Now, the flip flops have retired underneath my desk. Now, the fedora’s have been replaced with beanies. Now the fields are empty. And all that remains are pictures and postcards of the time before.
When I was eight years old, a film called Groundhog Day came to my little English village. I hated the idea of it. But other people. being fans of Bill Murray made me trek to the cinema to watch. I remembered the glee when Bill Murray broke the cycle, and woke up in tomorrow land. I sit here now, wondering how did he do it? How can we do it? And what does tomorrow land look like?
I like so many others around the world, are lucky that Groundhog Day is my only problem. I have a roof, I have an income, and I have food in my belly. So, although I sound like that whiny eight year old, I know how lucky I am. And I count my blessings everyday.
Lockdown life has become all about routine. I still wake up at 5am; I do my little workout and inhale a giant bowl of cereal before dressing for work. From dawn to dusk I am sitting at my desk. At 11am I religiously turn up the volume of ABC News playing in the background so I can get the latest report from the Premier, and the Chief Health Officer. I also religiously turn off all communication devices at 3.30pm and go for a walk.
Walking is my one hour daily exercise. It is my only hour of outside time. It’s one hour where I turn off the noise. I plan my route precisely. A one hour loop around my urban home. By the door, my Skechers, hoodie and face mask lie ready and waiting. About half way I do the daily check in with the elderly parents living 40km away and offer solutions that avoid me having go to them. I message my brother who lives alone and make sure he’s okay. It’s the only hour, other than when I am asleep, that I am not looking at a screen.

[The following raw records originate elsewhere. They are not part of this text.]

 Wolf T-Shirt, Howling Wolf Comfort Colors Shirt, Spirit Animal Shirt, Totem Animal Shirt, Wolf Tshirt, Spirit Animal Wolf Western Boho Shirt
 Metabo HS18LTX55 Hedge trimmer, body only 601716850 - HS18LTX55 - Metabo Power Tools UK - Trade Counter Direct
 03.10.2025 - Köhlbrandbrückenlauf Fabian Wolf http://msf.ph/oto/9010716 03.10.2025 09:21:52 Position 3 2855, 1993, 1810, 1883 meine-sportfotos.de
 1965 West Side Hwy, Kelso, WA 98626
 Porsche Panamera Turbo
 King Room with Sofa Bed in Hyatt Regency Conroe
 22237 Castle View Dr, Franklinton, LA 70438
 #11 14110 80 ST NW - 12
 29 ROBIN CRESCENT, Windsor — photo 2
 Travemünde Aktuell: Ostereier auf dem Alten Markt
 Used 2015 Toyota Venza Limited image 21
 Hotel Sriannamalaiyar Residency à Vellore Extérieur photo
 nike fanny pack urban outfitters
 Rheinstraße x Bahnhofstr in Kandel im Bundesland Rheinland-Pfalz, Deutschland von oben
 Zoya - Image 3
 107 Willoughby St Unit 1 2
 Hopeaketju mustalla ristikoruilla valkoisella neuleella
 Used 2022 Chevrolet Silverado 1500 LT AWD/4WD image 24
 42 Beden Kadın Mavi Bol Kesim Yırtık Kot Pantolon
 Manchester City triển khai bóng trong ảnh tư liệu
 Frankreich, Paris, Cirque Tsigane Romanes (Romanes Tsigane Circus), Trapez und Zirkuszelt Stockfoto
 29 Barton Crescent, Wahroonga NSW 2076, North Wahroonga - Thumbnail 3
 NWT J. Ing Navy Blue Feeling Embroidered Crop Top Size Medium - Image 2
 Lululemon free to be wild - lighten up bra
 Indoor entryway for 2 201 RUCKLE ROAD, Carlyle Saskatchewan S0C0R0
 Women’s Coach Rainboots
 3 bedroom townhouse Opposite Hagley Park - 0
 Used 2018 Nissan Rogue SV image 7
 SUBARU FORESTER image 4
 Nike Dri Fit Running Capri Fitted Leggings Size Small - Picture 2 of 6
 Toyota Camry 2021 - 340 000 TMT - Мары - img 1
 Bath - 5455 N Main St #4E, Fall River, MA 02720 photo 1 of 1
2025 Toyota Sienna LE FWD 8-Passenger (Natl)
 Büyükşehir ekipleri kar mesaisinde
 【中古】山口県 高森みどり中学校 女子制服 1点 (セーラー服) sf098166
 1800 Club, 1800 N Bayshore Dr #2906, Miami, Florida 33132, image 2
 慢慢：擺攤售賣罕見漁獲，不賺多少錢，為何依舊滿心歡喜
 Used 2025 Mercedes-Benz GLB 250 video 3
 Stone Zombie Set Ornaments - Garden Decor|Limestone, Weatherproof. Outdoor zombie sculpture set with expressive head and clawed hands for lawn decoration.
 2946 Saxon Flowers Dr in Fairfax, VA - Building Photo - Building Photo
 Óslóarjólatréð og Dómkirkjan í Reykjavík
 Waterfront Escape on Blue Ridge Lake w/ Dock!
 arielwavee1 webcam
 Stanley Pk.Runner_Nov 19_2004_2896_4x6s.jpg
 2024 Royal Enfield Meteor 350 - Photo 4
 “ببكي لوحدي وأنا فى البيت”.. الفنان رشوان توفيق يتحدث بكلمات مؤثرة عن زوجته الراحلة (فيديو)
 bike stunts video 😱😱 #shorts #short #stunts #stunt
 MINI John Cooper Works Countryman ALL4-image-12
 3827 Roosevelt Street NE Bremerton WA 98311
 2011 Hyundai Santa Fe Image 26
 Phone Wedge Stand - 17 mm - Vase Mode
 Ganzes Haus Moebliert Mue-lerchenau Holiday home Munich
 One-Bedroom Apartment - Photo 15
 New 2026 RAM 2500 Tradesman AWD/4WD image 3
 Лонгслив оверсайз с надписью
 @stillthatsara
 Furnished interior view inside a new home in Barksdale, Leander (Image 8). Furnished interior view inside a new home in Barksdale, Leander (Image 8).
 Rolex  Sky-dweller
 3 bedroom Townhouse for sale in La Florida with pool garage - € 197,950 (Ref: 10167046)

In my city, there are only four reasons to leave your house. Masks are mandatory and social distancing is a no-brainer. A handshake has been replaced with a nod or bow, and smiles come from the eyes. I mumble hello to neighbours and wear the mumbles coming back.
I dream of tomorrow land. I dream of seeing, speaking, and hugging my friends in person. I dream of flying to an unknown island or a very familiar island. I dream of sharing coffee with my colleagues, and laughing over the technological fails that have haunted our home experience. I dream.